Entrada Therapeutics (TRDA) TD Cowen 46th Annual Health Care Conference summary

Key program updates and clinical milestones

• Four clinical readouts expected in 2026 from DMD and DM1 programs, with two DMD exon 44 data points in Q2 and year-end, and DM1 phase II MAD study readout mid-year.

• Expansion into ocular diseases, led by the Usher syndrome program, with IND-enabling studies planned for 2026.

• Five clinical-stage programs anticipated by year-end, with ex-U.S. DMD data supporting a U.S. Accelerated Approval pathway.

• Cash runway extends into Q3 2027, excluding up to $485 million in DM1 milestones from Vertex partnership.

• ENTR-601-44 first cohort data at 6 mg/kg expected Q2, second cohort at 12 mg/kg by year-end; 45 program data expected mid-2026.

Differentiation, strategy, and commercial outlook

• Proprietary EEV platform combined with novel PMO conjugates enables best-in-class muscle uptake and safety.

• Lower drug exposure reduces anti-drug antibody risk and cost of goods.

• Double-digit dystrophin production targeted for exon 44; aim to surpass 25% dystrophin at higher doses, exceeding competitors.

• DMD market opportunity estimated at $5 billion in the U.S., with significant unmet need and limited competition.

• Seven-fold improvements in preclinical models over competitors, supporting a differentiated clinical profile.
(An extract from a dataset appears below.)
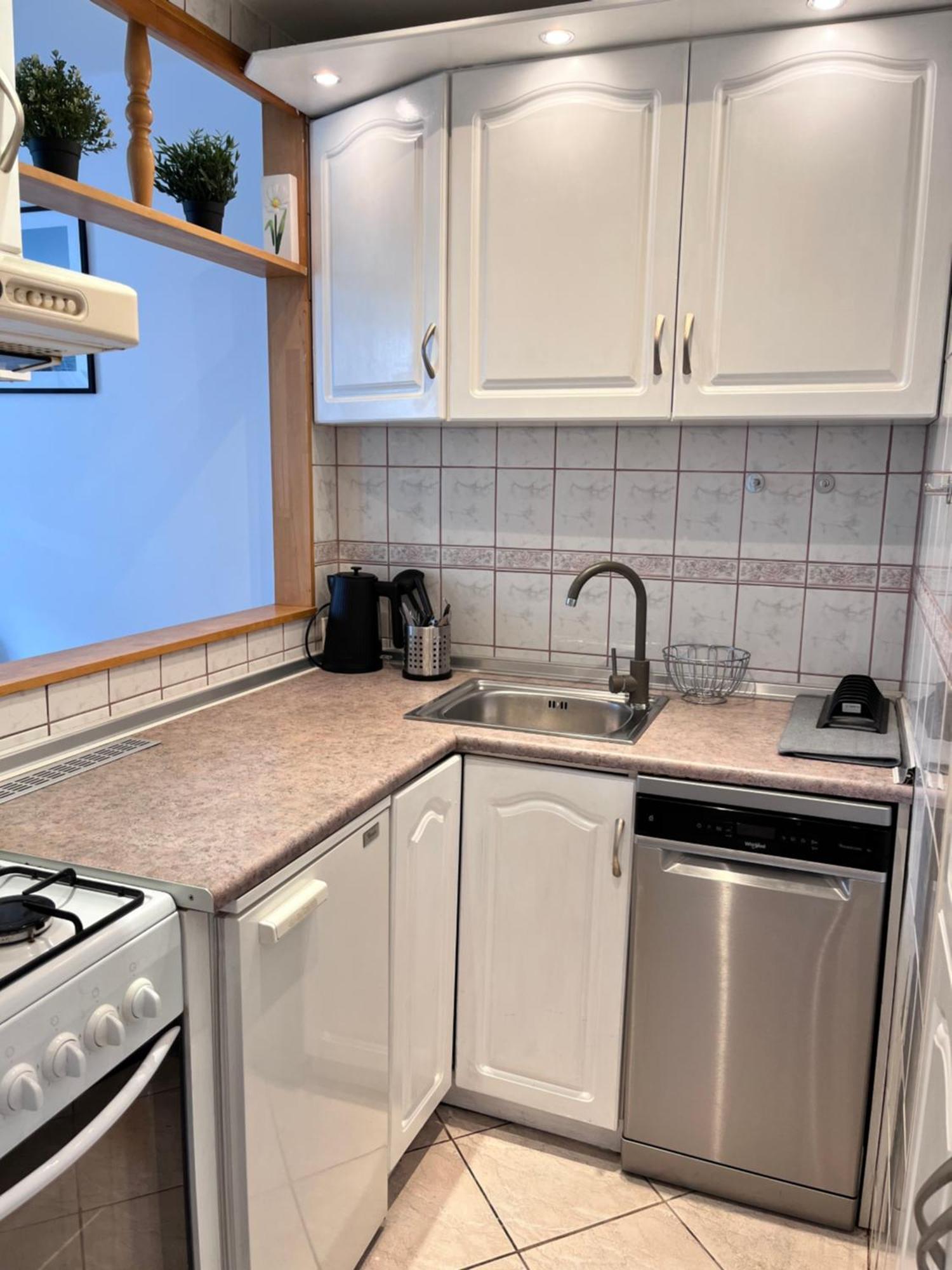 Ohmyhome-grzybowska Apartamento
Regulatory and partnership insights

• Ex-U.S. studies designed with FDA input to harmonize protocols; plan to approach FDA with safety and efficacy data in Q2/Q3.

• Confidence in FDA support for Accelerated Approval based on established safety and anticipated efficacy.

• Vertex partnership for DM1 provides up to $485 million in milestones and clear division of responsibilities.

• Joint Steering Committee ensures ongoing collaboration and communication with Vertex.

• Open to future BD deals if partners are committed and aligned on patient-focused goals.